The additional $4.1 million the Sacramento County Water Agency anticipates by 2015 will help chip away at a hefty bond debt the county incurred while muscling through a $200 million expansion in water infrastructure.

But that additional supply came before the need. The county built it, but they haven’t come. Not yet.

Rate increases have flown higher “than the growth of our customer base,” acknowledged water resources director Michael L. Peterson.

As the county waits for new residents, those already here are fronting the costs of both future customers and the developers who stopped building in 2008, when the recession hit. Peterson expects construction fees to start picking up the slack again in 2015, but even then, rate increases will only slow, not stop.

Bonds paid for new surface water facilities in the Freeport and Vineyard areas. There’s an annual debt service of $25 million attached to those two projects, held by Union Bank.

“Your elected board members should not be borrowing money that you can’t pay back,” chided Hughes, one of 57 affected customers to send in a letter of protest.

State law requires a majority of affected water customers to formally object to prevent rate increases. The retiree in the pink sun hat was the only one who attended last Tuesday’s hearing.

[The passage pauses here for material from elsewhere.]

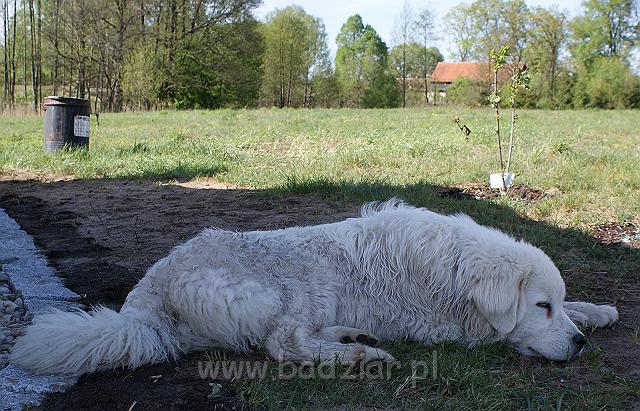 DSC04108.JPG - Owczarek Podhalański - KUMOTER KARAT Badziar (8 miesięcy)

Rate increases will also fund new water-monitoring regulations and fluoridation costs covered by an expiring grant, and jump-start mothballed maintenance projects. Water officials expect an increase in well failures because they deferred maintenance to keep rates from climbing even higher, Peterson said. There are north of 75 wells of varying ages in the system.

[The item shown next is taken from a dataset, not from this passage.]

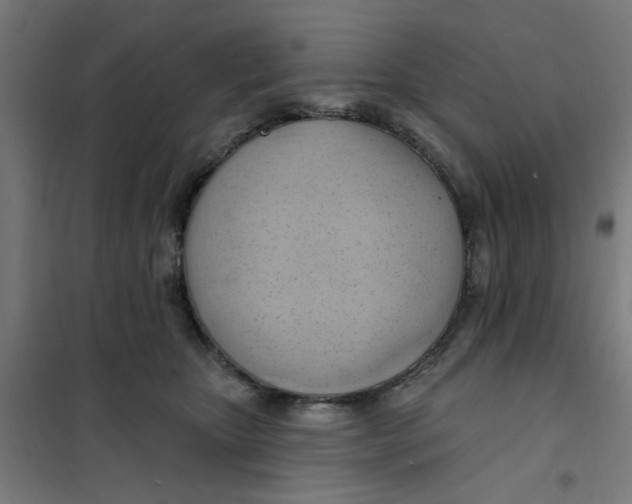 X0000101210467200807251053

Board chairwoman Susan Peters reluctantly agreed to rate hikes after ensuring the money wasn’t for new water department employees or projects. “There’s not empire expansion going on here,” she said.

Also rumpled by the sticker shock, Supervisor Don Nottoli asked staff to look into ways to allow customers to spread out their utility payments in the future.

“You still have folks who are on fixed incomes of less than a thousand dollars a month,” he said. “And when you look at that, that $150 a month goes in just for essentials—water, sewer, garbage and storm drains if you’re in the unincorporated area—that’s a big bite.”